Skoda Karoq Review
Stylish, well-equipped, and clever, the Skoda Karoq is another appealing car in the ever-expanding mid-size SUV market.
Strengths & weaknesses
- Great levels of equipment
- Spacious and flexible throughout
- Unexciting to drive
- Loud under hard acceleration
- Maybe more money than you’d want to pay for a Skoda
If you’re not sure what a medium-ish crossover is, it’s basically a car that combines the best bits of a conventional family hatchback and the off-road-ruggedness of a four-wheel drive without any of the drawbacks. This makes it ideal for anyone who likes the idea of a chunky-looking offroader that is as easy to drive as a smaller car, with the fuel economy to match, but still gives you that coveted higher driving position.
So, onto the Karoq. We're confident in saying that it's the best around at the moment. Where most crossovers will tick the comfort, practicality and drivability boxes, the Karoq does it much more emphatically.
For starters, it replaced the Skoda Yeti, which itself was a well loved car among its owners - incidentally, it recently came in second place in the Auto Express Driver Power survey. So the Karoq has big boots to fill, and it does that with aplomb.
Those familiar with Skoda’s current line up will see that the shape of the Karoq falls much in line with its bigger brother, the Kodiaq, and if you head to a showroom there's not much other than size to tell them apart.
The Skoda Karoq is not avant-garde in terms of its looks, but with big wheels and the right colour, it looks right at home among the more expensive cars in this segment. It has some sharp creases towards the rear, but from its side profile you’d be forgiven for thinking it was a Seat Ateca, a car which it shares many mechanical bits with.
Let’s get inside though, where it really shines.
In the rear there’s room for adults, even if the driver is six-feet tall and the person behind them is a similar height. Other features include a 12V socket, so the kids can charge their various electricals, picnic tables and cup holders which can be used in place of a vacant and folded centre seat.
Speaking of seats, our test car has Varioflex seating. These come with the mid (SE L) and top spec (Edition) as standard, and can be specified on the SE cars too. With this, all three seats are able to be individually positioned, so that every passenger can find their own comfort.
Further back, the boot includes a number of helpful touches including netting to tie things down, hooks to, well hook things on, and another 12 volt socket. Those Varioflex seats mean that the seats can be folded down, folded up, or taken out entirely to allow for varying amounts of luggage space if required. It's a class leading level of flexibility and, with the seats out, the boot dimensions are more akin to that of a small van than a mid-sized family car.
The cabin is spacious and functional. Overall quality is good and definitely gives off an upmarket feel. The 9.1-inch touchscreen is responsive and easy to use, and can link with Android and Apple smartphones.

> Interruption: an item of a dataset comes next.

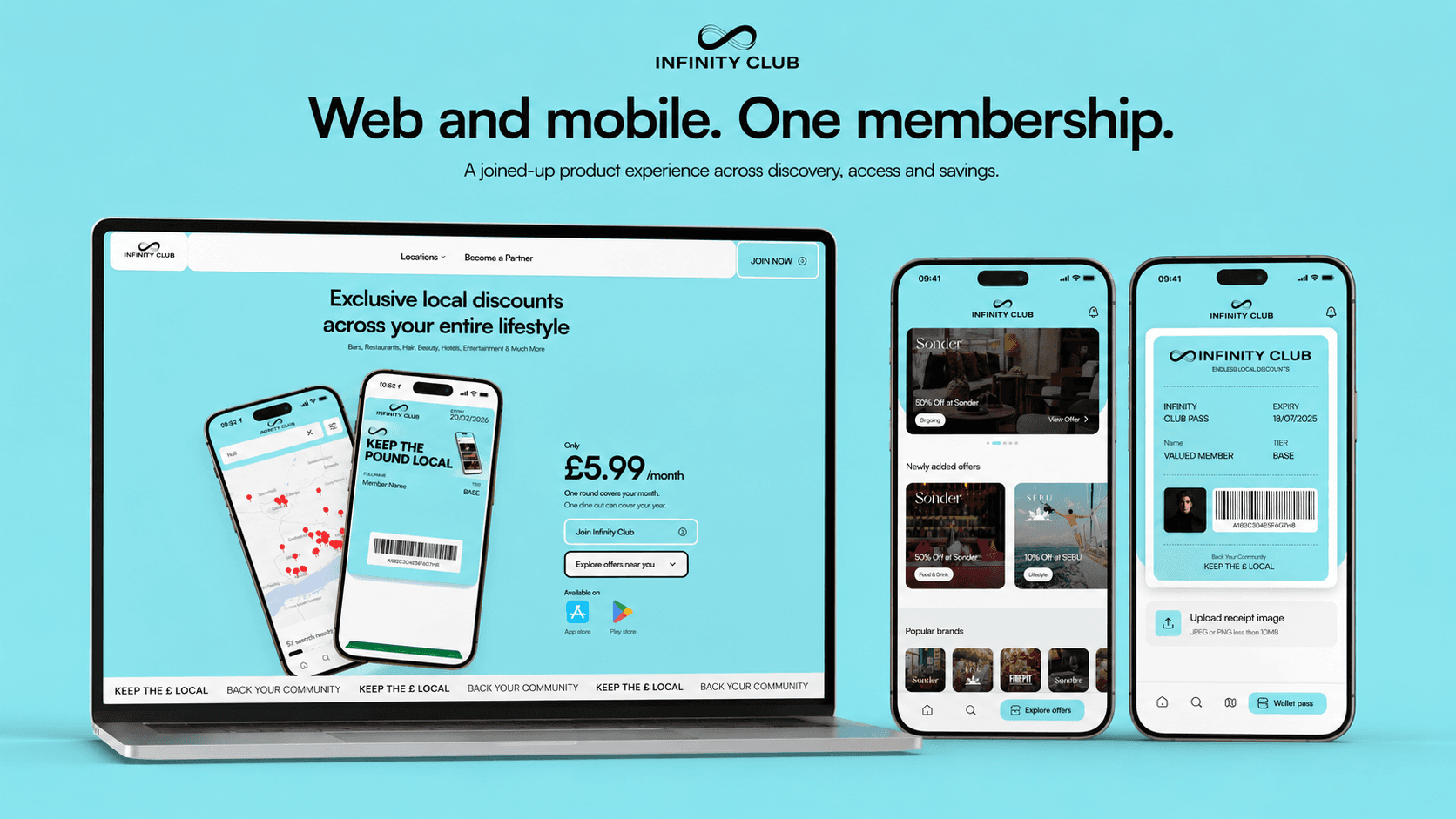 Infinity Club platform across web and mobile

Another nice touch is the addition of a little rubbish bin inside of the door bin of the drivers’ side. Just enough storage for a few apple cores or chicken wings or other greasy goodies you don’t want actually touching the interior.
Point your eyes slightly to the left of that door bin, and on high trim models, you’ll find the engine start button, which also adds to that feeling that you're sat inside a much more expensive car.

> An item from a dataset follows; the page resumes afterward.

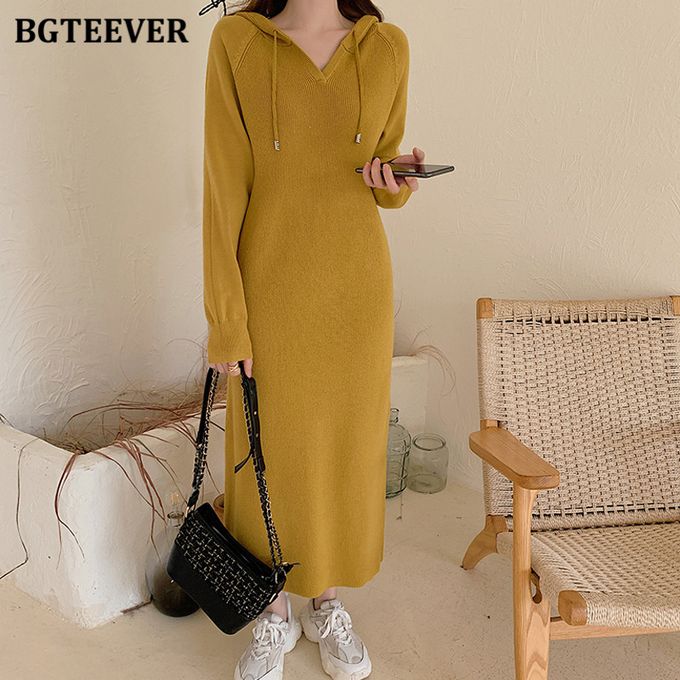 Fashion (khaki)Autumn Winter Women Dress Hooded Knitted Midi Dresses For  Women Long Sleeve Loose Female Sweater Vestidos MAA @ Best Price Online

Once you are underway, the car is incredibly easy to drive. The manual, six-speed gearbox has a light clutch that won’t cause any headaches. Our test car had the ultra-smooth DSG automatic gearbox fitted, which made it even easier to manage, and even more comfortable to sit in. The automatic can be ever so slightly hesitant while accelerating away quickly though, so be aware if you're after a sharp get away.

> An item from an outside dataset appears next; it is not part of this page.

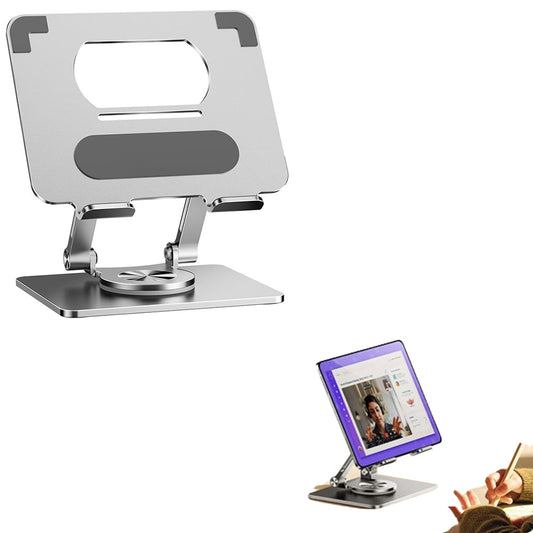 Foldable Aluminum Tablet and Phone Stand 360 Degree Rotatable Holder Silver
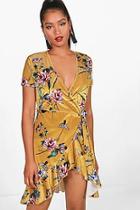 Boohoo Piper Floral Velvet Wrap Tea Dress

Ride quality is also spot on. It’s smoother than the similar Seat Ateca and at motorway speeds, it is able to waft with the best of them in this sector - even at lower speeds - although large potholes and the likes often found on British roads are not such a subtle affair. Hit one in anything other than the four-wheel drive model and it can be harsher for occupants than you’d like, as it's the only version of the Karoq fitted with fully independent rear suspension, but it's not something you'll notice during standard day to day driving.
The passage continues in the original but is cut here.